_Exercise data_:
● ● ● ● ●

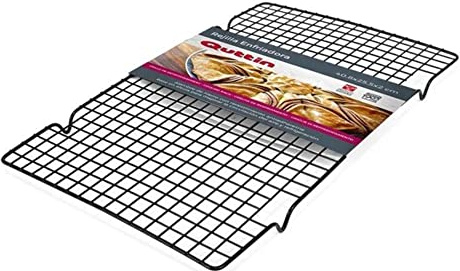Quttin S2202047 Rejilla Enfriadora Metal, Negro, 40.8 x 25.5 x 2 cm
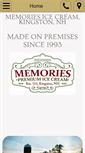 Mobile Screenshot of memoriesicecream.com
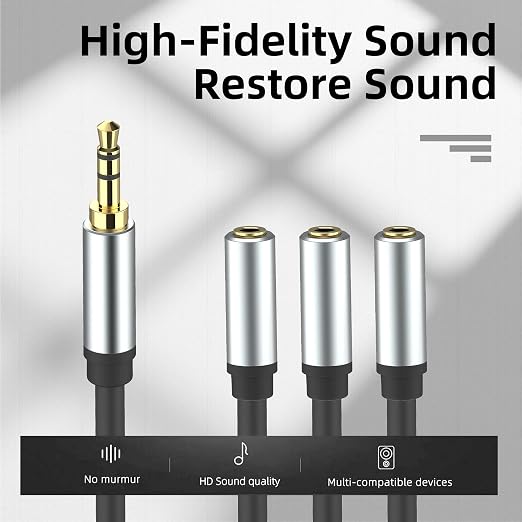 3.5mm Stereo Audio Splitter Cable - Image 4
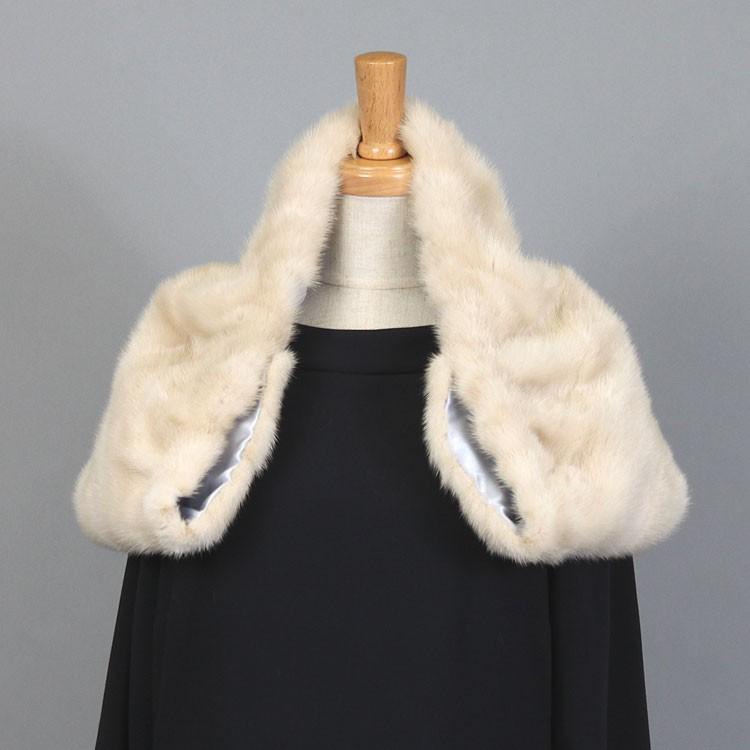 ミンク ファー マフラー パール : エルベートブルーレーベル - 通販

● ● ● ● ●

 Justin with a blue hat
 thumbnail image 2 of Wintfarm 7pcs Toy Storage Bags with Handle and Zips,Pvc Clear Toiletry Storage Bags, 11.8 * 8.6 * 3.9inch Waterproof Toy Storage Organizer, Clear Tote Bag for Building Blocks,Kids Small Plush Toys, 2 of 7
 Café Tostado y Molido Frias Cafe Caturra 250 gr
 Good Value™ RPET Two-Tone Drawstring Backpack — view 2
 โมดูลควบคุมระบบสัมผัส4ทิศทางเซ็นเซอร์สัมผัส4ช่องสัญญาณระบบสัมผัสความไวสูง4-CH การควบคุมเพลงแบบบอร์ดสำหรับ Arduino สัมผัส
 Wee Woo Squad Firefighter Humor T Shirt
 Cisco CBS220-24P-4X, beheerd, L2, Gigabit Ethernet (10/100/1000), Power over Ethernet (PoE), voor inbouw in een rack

● ● ● ● ●

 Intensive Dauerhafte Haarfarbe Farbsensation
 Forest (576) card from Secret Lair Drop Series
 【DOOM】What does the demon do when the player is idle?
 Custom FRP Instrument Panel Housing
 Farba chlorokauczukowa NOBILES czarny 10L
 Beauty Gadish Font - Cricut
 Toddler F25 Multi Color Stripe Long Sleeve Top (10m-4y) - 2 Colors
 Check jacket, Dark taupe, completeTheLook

● ● ● ● ●

_Brief_: Reproduce the lines above, beginning at the line with "Custom FRP Instrument Panel Housing" and stopping after the line with "Check jacket, Dark taupe, completeTheLook", exactly as they are.

_Answer space_:
 Custom FRP Instrument Panel Housing
 Farba chlorokauczukowa NOBILES czarny 10L
 Beauty Gadish Font - Cricut
 Toddler F25 Multi Color Stripe Long Sleeve Top (10m-4y) - 2 Colors
 Check jacket, Dark taupe, completeTheLook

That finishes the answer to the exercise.